Ruffano, febbraio 2020

Ruffano, febbraio 2020

Lavorando attorno al principio centrale delle mie ricerche, quello della creazione di paesaggi vegetali, oggi ho avuto un’altra occasione di approfondimento. Un altro incontro con il luogo, con un oliveto, con uno scampolo di territorio e con la sua gentile proprietaria.

Mi è ritornato alla mente che il giardiniere non arreda, egli è piuttosto l’organizzatore del dialogo tra le piante e il luogo. Per lui non contano tanto i cataloghi delle piante.

Lo sapevo già che ci sono molte più piante e tante quante sono gli infiniti luoghi in cui le possiamo piantare. Sapevo anche che ogni pianta è una trasformista che dipende dai luoghi che trasforma.

Questi esperimenti li compio più con le gambe, andando e venendo, spostando e guardando, immaginando, finché non giunge il giardiniere, zappa alla mano, che mi chiede impaziente: posso piantare?
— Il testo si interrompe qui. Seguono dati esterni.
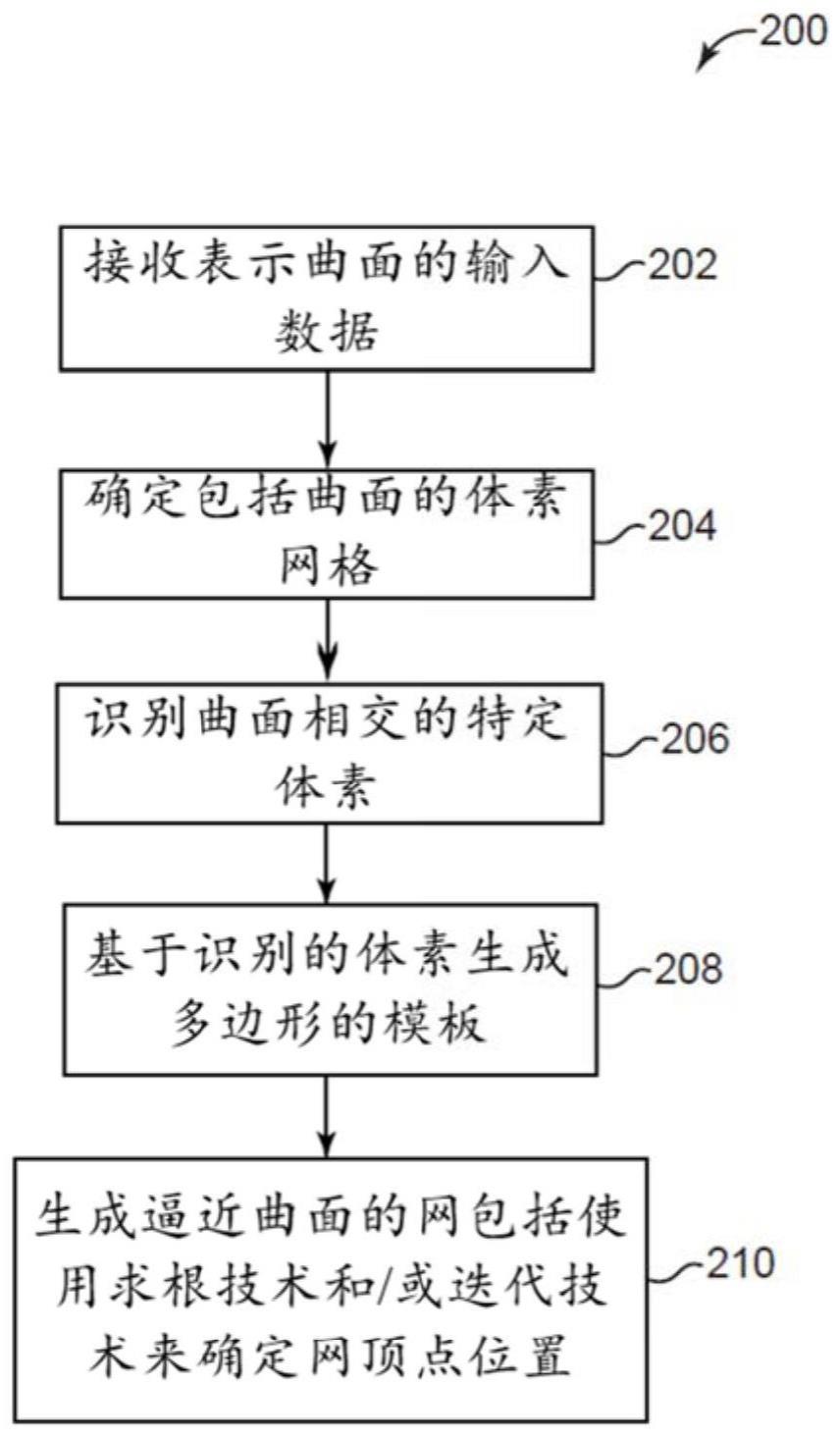 使用针对网顶点位置的求根和迭代生成逼近曲面的多边形网的方法系统与流程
Questo è tutto un disegnare sul campo e nella mente, più che sul supporto del software di disegno, che mi è servito per dirmi “progettista”.

Andando e venendo si addensano, attorno a punti e linee invisibili, masse vive variopinte che strutturano lo spazio (in un dialogo tra il mentale e il vegetale). Masse  che permarranno, e per quanto, nel tempo?

E pianta dopo pianta si è venuta formando l’idea che ormai ci entusiasmiamo di più dei progetti senza tanto appassionarci dei luoghi. E perciò capita pure che questo entusiasmo passi in fretta, giusto il tempo che il progetto di trasformi appunto in luogo, che nessuno poi guarderà più.

Mi pare che sia questa una condanna prometeica che non ci fa guardare mai davvero i luoghi. Forse ciò che permane di più è solo la presunzione di dire di averli trasformati in dei giardini.